En aurait-il été fier ? En aurait-il été inquiet ?
Un de mes regrets est que très peu de place ait été laissée aux autres personnes rencontrées. Fernande, Liv, Adrian, Élisabeth, Chris, etc. peinent à exister dans la chiche lumière que leur laissent Cécile et Serge. Raison pour laquelle je parle de huis-clos. D'autres lecteurs auront certainement une autre appréciation.
Je terminerai en m'adressant à l'absent.
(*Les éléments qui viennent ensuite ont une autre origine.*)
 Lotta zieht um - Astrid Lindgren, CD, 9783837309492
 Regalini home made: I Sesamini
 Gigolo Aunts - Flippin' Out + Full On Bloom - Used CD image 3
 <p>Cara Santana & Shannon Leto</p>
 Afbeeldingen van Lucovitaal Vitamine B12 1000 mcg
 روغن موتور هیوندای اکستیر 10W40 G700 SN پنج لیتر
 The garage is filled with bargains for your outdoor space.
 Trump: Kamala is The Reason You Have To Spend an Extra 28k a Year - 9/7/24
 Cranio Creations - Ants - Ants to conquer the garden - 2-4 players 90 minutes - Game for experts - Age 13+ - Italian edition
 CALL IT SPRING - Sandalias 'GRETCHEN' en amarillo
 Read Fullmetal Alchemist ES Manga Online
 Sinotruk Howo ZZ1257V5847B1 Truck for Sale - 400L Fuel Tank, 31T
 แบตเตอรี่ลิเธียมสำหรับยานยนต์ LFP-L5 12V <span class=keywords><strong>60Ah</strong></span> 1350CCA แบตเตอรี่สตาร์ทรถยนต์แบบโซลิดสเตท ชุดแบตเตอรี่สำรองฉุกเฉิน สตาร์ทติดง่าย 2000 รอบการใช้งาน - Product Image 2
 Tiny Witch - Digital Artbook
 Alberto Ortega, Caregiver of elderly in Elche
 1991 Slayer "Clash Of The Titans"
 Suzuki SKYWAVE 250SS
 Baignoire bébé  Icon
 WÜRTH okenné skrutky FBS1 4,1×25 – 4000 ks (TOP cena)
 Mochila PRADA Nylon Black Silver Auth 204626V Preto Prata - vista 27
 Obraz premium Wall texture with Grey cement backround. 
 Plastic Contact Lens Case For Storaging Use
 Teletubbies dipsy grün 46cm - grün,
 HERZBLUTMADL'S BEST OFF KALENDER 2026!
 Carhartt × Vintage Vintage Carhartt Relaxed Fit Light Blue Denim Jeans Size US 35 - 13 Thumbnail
Merci "Chair Serge" d'avoir soufflé à Cécile
"— Vous devriez écrire."
Elle le fait de belle manière avec une écriture douce, feutrée, enveloppante, humaine, tendre que j'ai eu un plaisir immense à retrouver.
Cette histoire (c'en est bien une, n'est-ce pas ?) m'a perturbée, c'est vrai, faisant de moi une voyeuse à mon corps défendant, mais l'écrire était pour Cécile Balavoine nécessaire : "[le] tuer et [le] ressusciter."
2e roman, lu pour la sélection anniversaire 5 ans des #68premieresfois
https://www.calliope-petrichor.fr/2020/07/03/une-fille-de-passage-cécile-balavoine-mercure-de-france/
Dans l’Amérique de la fin des années 1997/2001, Cécile alors étudiante à New-York rencontre Serge Doubrovsky, l’inventeur et le pape de l’autofiction.
Elle sera son élève et suivra ses cours à NYU. Mais avec ce professeur de 40 ans plus âgé qu’elle, une relation de plus en plus intime va se forger, ils se rencontrent après les cours, puis de plus en plus régulièrement au fil du temps. Au moment où Serge Doubrovsky part quelques mois en France, Cécile et deux autres étudiants vont même sous-louer son appartement avec une vue magnifique sur les twin-towers. Ce sera une expérience étonnante pour la jeune Cécile, mais aussi pour Serge Doubrovsky, de savoir l’autre dans sa chambre, dans ses meubles, plongeant sans retenue dans ses habitudes. Serge est le premier qui lui dira qu’elle doit écrire, qu’elle peut devenir écrivain à son tour.
Ce roman est le récit de la rencontre de deux écrivains ou futur écrivain. Ce sera un amour platonique et sans doute d’une forme de relation au père, ou plutôt au grand-père pour l’une, et d’un amour pour une jeune femme comme il en avait l’habitude, puis la prise de conscience de la réalité du temps qui passe pour l’autre.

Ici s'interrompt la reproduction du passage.